Behind the Camera at AAS

Behind the Camera at the 2022 Association for Asian Studies Annual Conference, Honolulu, Hawai’i.

At the 2022 Association for Asian Studies Annual Conference, Behind the Camera was featured on the roundtable panel, “Japanese Visual Culture in the Digital Humanities: Strategies for Engagement, Accessibility, and Design.” Participants in the panel addressed a series of questions regarding how digital humanities projects can provide new opportunities to expand engagement with Japanese visual culture, as well as what some of the key challenges are in designing and coordinating platforms that engage diverse audiences in multiple languages and visual formats. This roundtable provided the opportunity to present and discuss projects published in the last decade that have broadened access to the study of Japanese visual culture, including Behind the Camera.

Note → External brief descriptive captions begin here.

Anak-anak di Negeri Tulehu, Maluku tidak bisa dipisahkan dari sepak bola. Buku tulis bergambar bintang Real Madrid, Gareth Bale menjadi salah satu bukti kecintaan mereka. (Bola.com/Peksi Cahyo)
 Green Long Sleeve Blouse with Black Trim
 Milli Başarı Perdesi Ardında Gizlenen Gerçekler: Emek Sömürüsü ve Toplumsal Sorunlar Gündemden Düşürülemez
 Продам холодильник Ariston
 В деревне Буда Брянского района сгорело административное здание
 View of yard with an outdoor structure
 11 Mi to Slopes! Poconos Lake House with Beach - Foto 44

“Technologies of seeing are all processes of design that require choices about what is worthy of being seen.”

STEVEN GEOFREY
SOFTWARE DEVELOPER, HARVARD UNIVERSITY
Ellen Sebring, as Creative Director of MIT’s Visualizing Cultures (VC), discussed the development of the platform and scholarly collaborations that form the project, which celebrates its 20th anniversary in 2022. Drawing on examples from the visual innovations that VC has made, she showed how the platform bridges traditional and digital scholarship and how unexpected relationships emerge in image-driven research. Shigeru Miyagawa (MIT) reflected on the challenges of creating opportunities for increased user engagement and interaction with visual materials through two examples that VC undertook: 1) clearing copyright for the image database under Creative Commons by working with nearly 200 museums and private collections; and 2) developing an extensive curriculum and offering workshops nationwide for pre-college teachers. Rika Hiro (USC) introduced the process and challenges of organizing an online exhibition with students by using a largely unprocessed archival collection of early twentieth-century Japanese posters, resulting in the Scalar website, Unpinning History. Steven Geofrey (Harvard) thoughtfully addressed the challenges of using data visualization to deconstruct, interrogate, and interact with textual artifacts of material and visual culture, including Japanese textbooks, news media, and survey data that appear in his projects Atomic Narratives and Sono Toki. Finally, Carrie Cushman (University of Hartford) brought to the conversation issues around making the histories of women in photography accessible through bilingual teaching modules that consist of video lectures, annotated bibliographies, and image galleries. In a lively conversation about different aspects of these varied digital humanities projects, each member of the roundtable reflected on successful strategies, user feedback, and challenges in designing public-facing platforms.